Buck is running against Carol Fey, a council incumbent representing District 3, and Kyle Schlachter, who previously served on the council as an at-large member. Buck said he brings a “fresh face” and will pursue decisions that he believes are crucial to Littleton's future.
“It's a critical time for our city,” he said.
As mayor, Buck would seek to pursue aggressive investments in the city's aging infrastructure as well as craft a healthy and transparent budget, something he feels has been lacking.
Buck is also running on a platform of unity and wants to bridge the divides between residents. And he's no stranger to doing so.
As a former pastor of nine years, Buck has worked to bring people together.
“Being a pastor has helped me get a thick skin,” he said. “People are very opinionated when it comes to their faith.”

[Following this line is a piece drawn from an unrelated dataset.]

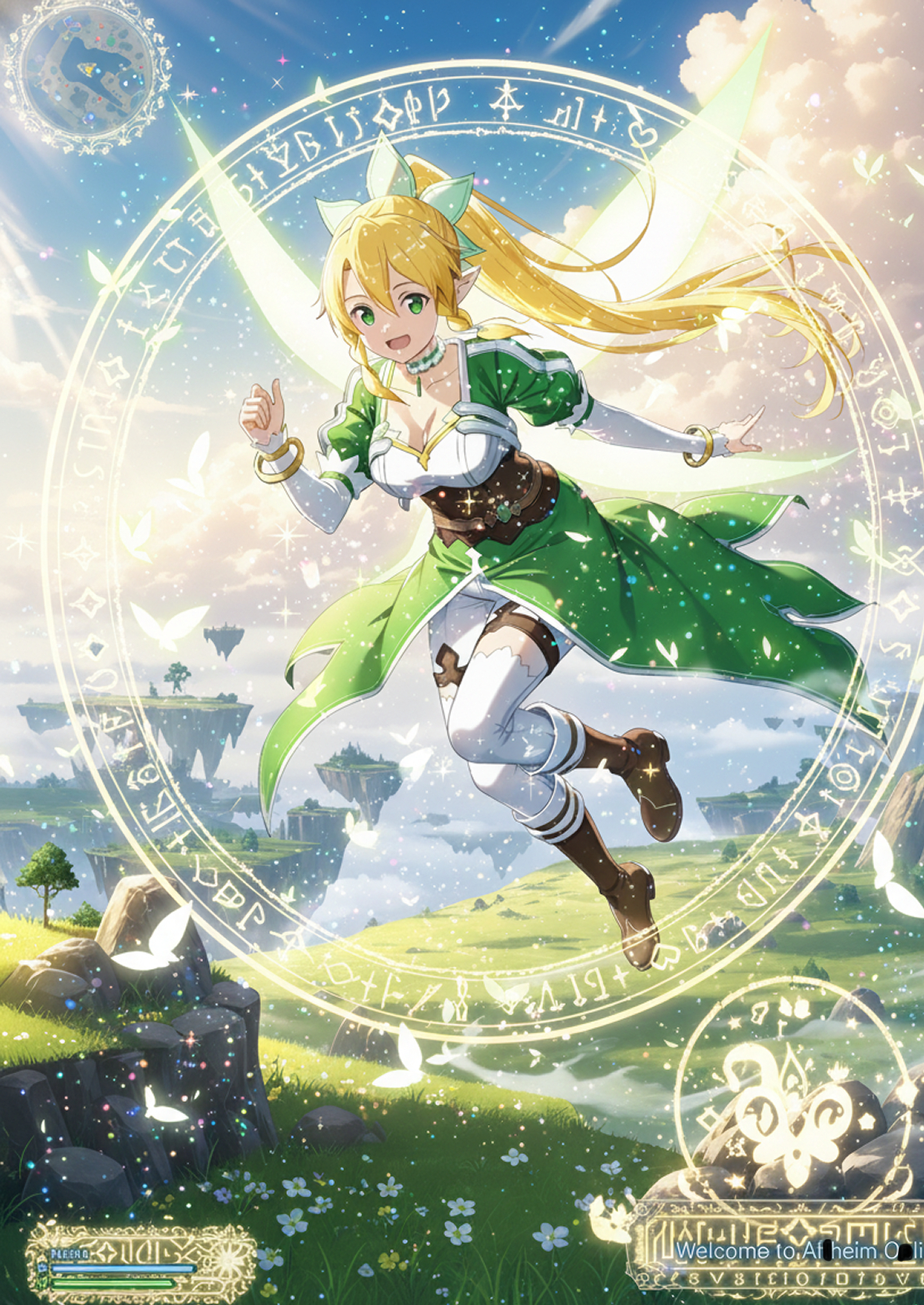 寝取られ堕ちるヒロイン SA〇 直葉 -無防備ま◯こをタダでヲタクが使わせて貰う話-24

Buck said he has long merged science and faith in his life. He graduated from college with a chemistry degree and soon took the transformation from a “nihilistic atheist” to a church-goer and leader. He said both perspectives help inform his judgment when it comes to varying perspectives that people have, something that is crucial for a position like mayor.
For him, it's about helping to “inspire people for something bigger than themselves.”
“If we can get multiple people and organizations involved in something we can see that that is accomplishable,” he said.
Buck said he has experience bringing together community.
He is a founding member of the Littleton Transportation Mobility Board and currently runs the nonprofit HopeCycle, which works with local schools to donate bikes to underprivileged students.
On council, he said, he would do much of the same.
“It's time for us to make decisions that are courageous enough to say 'this matters,'” he said.